If he didn't like you, you knew it; in 1986 he was at war with the British press after preventing Derek Warwick from joining him at Lotus. Over the years that animosity mellowed, but often the feeling he nurtured that his trust had been betrayed caused flare-ups. He was roundly condemned last year for striking his rival Eddie Irvine - again, almost inevitably, at Suzuka - and the cold war began again.
But, whatever some of his failings may have been, Senna was a man with whom you always knew where you stood, and though his tactics on the track were frequently and deliberately intimidatory, he was without question one of the greatest racing drivers the world has ever known. To see Senna on a quick lap was to be awed by majesty.
On Friday afternoon he took pole position for the race in which he died, the 65th time he had been fastest in practice for a grand prix. With a commanding success in his last race for the McLaren team in 1993 he had taken his total of grand prix victories to 41, second only to that of his arch-rival Prost.

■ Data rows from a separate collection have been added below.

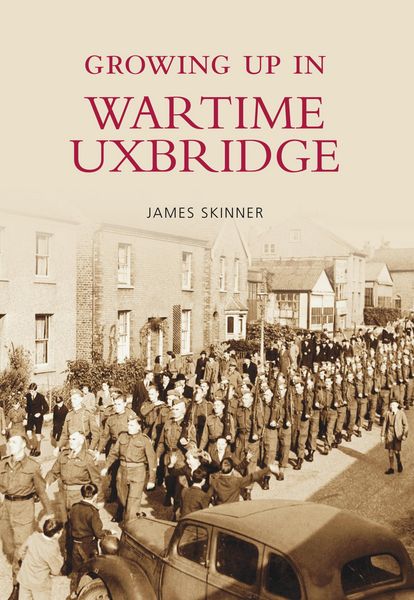 Produktbild: Growing Up in Wartime Uxbridge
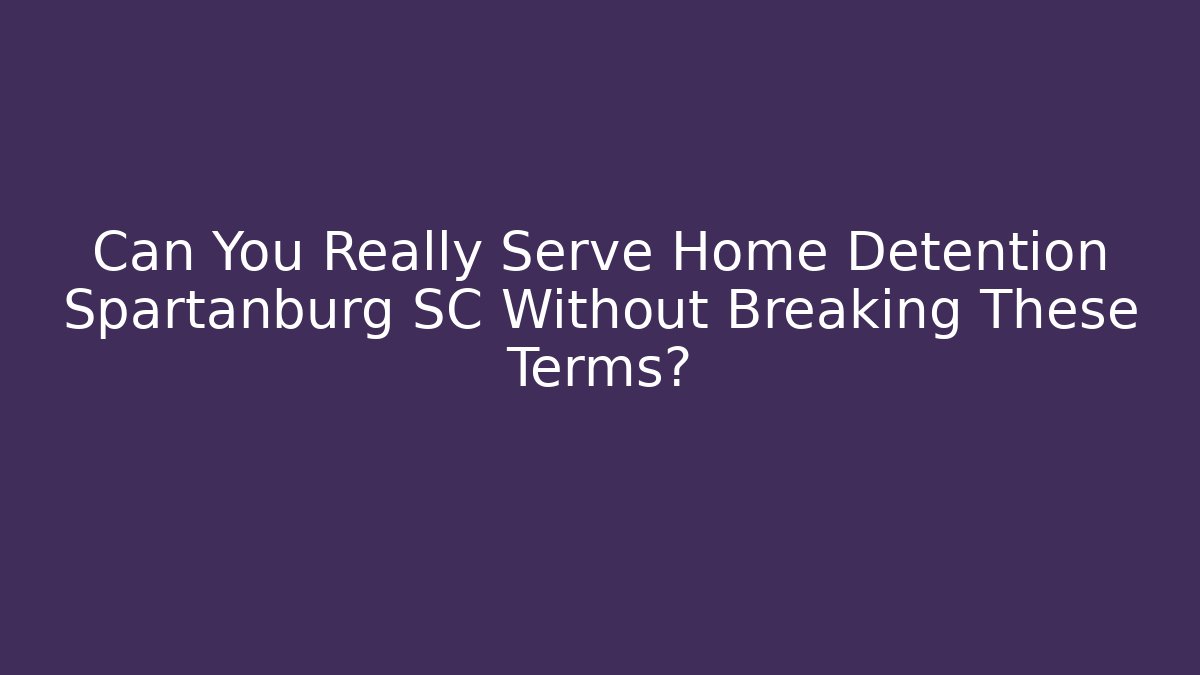 Can You Really Serve Home Detention Spartanburg SC Without Breaking These Terms?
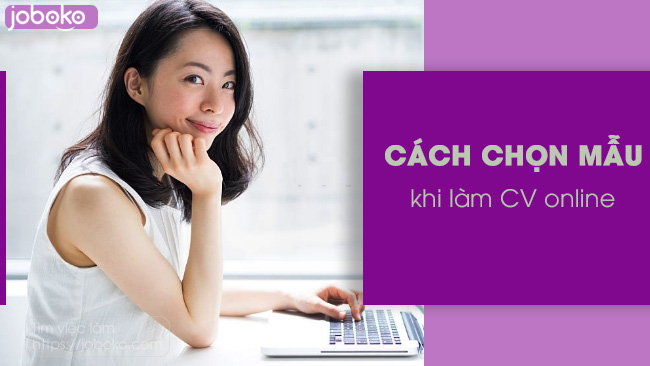 cach chon mau khi lam cv online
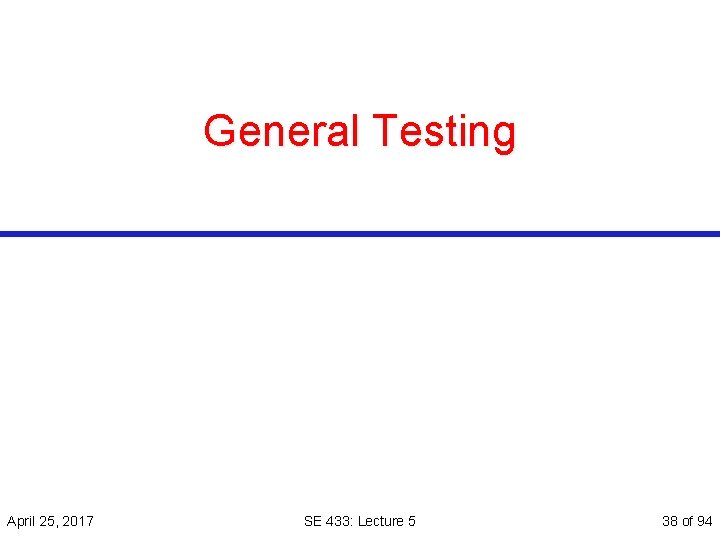 General Testing April 25, 2017 SE 433: Lecture 5 38 of 94 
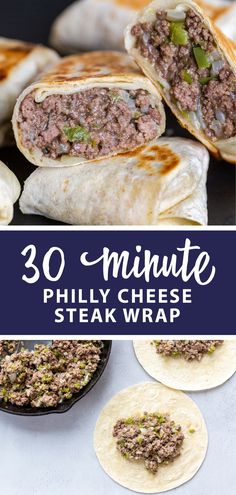 some pita breads with meat on them and the words 30 minute philly cheese steak wrap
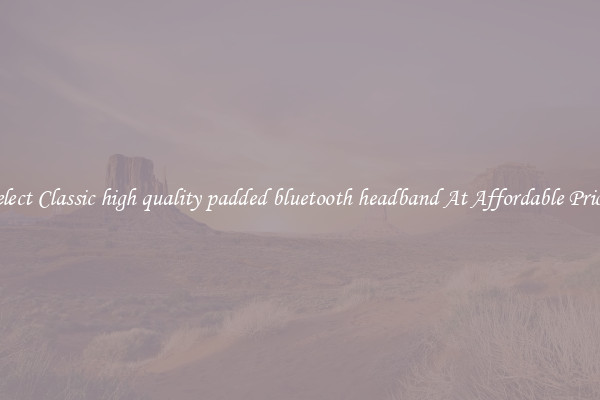 Select Classic high quality padded bluetooth headband At Affordable Prices
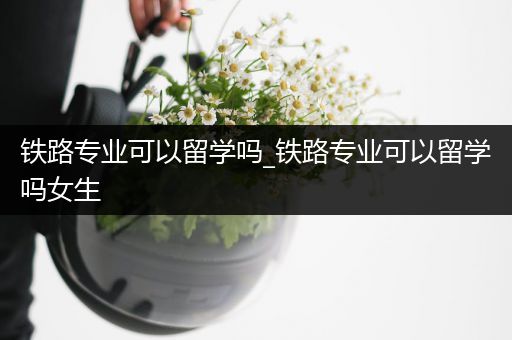 铁路专业可以留学吗_铁路专业可以留学吗女生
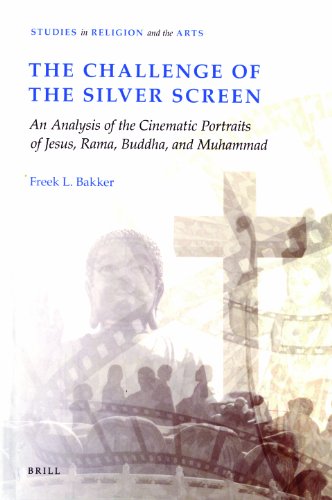 The Challenge Of The Silver Screen Studies In Religion And The Arts Freek L Bakker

When he finally joined the Williams team for 1994, he spoke of the need for a fresh challenge, and he was determined to redress the points imbalance between himself and Schumacher that had made this season so exciting after the first two races. His outstanding ability to relate to his engineers precisely what his machinery was doing at any given point on a circuit, on any given lap, had passed into grand prix legend, and already last weekend it was clear that Williams had made significant progress in developing its car.
To all who witnessed him at work it seemed that Ayrton Senna's artistry and air of invincibility would always protect him no matter what befell him. In a weekend when motorsport was thrown into despair, it lost one of the greatest kings it will ever know. To many, especially those with whom he worked, he will always be the greatest.